Your goal:
Reproduce every line of the listing as written, apart from the pictures.

Dataset section:
Start of Block

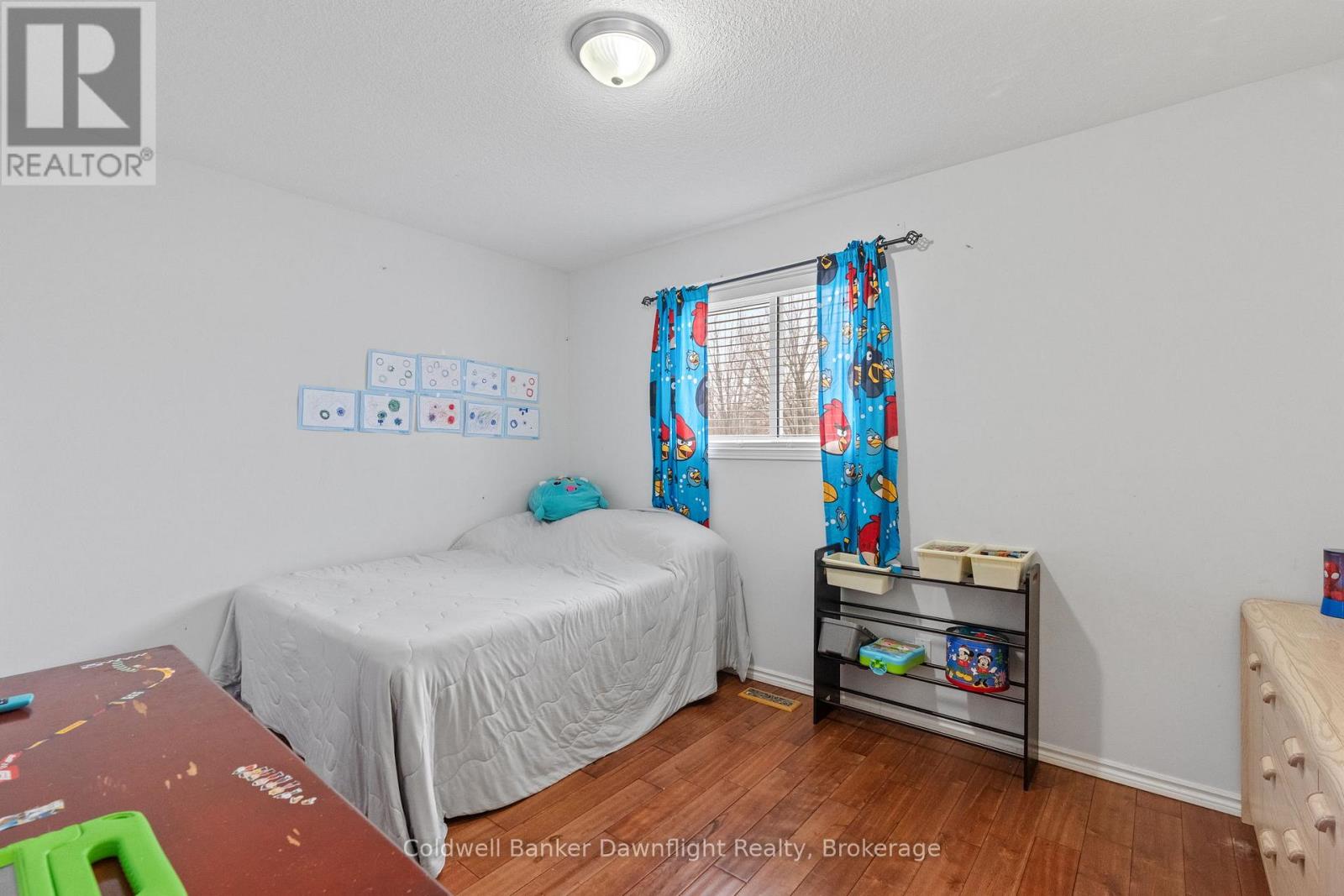 Single Family House Raised bungalow for Sale in  MILL STREET North Middlesex (Parkhill) 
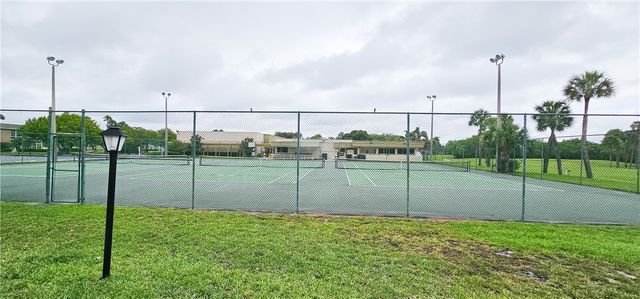 19 Vista Gardens Trail 106, Vero Beach, FL 32962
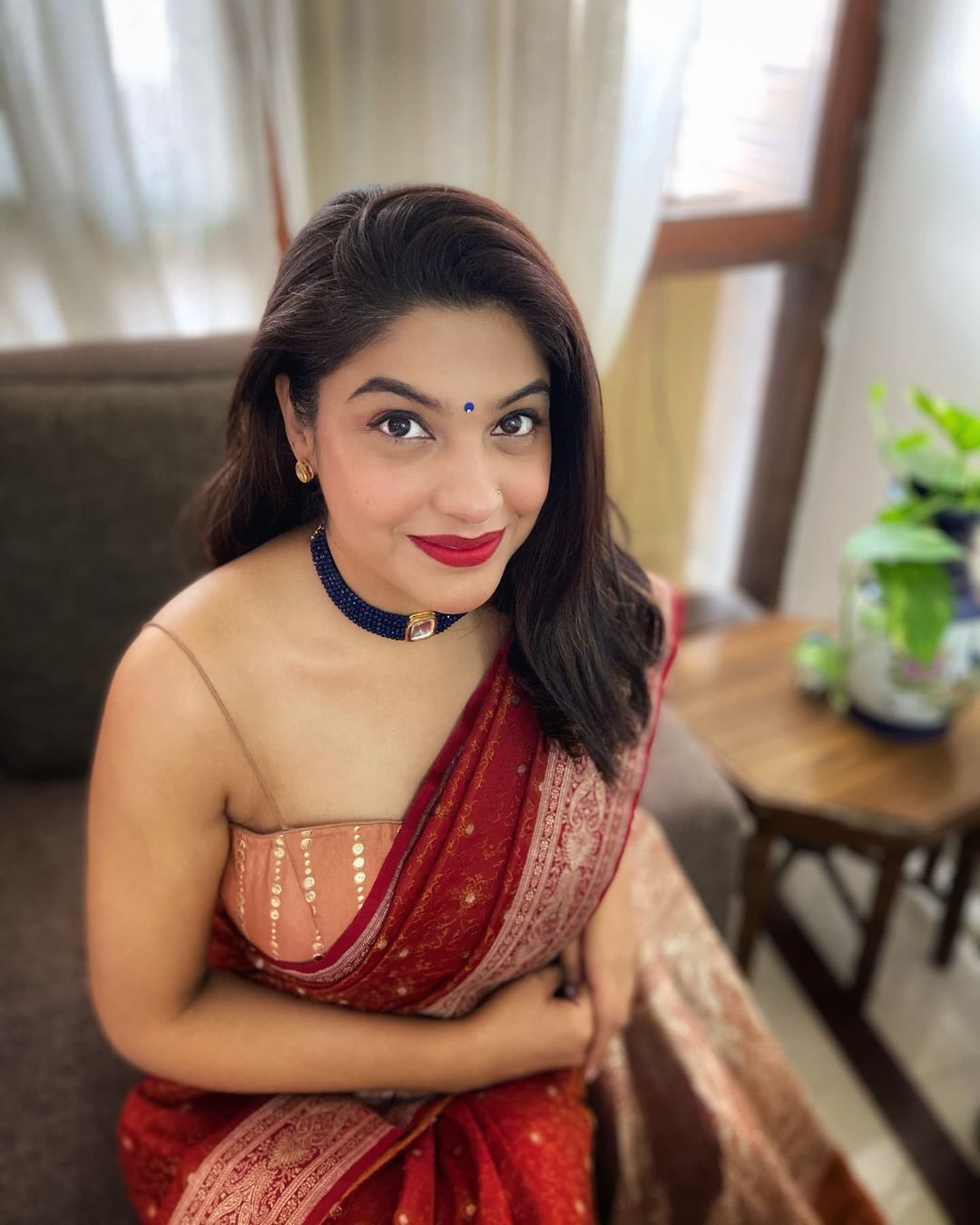 സാരിയില്‍ കിടുക്കി അർച്ചന കവി: പുത്തന്‍ ചിത്രങ്ങള്‍ ഏറ്റെടുത്ത് ആരാധകര്‍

End of Block

Expected answer:
 Single Family House Raised bungalow for Sale in  MILL STREET North Middlesex (Parkhill) 
 19 Vista Gardens Trail 106, Vero Beach, FL 32962
 സാരിയില്‍ കിടുക്കി അർച്ചന കവി: പുത്തന്‍ ചിത്രങ്ങള്‍ ഏറ്റെടുത്ത് ആരാധകര്‍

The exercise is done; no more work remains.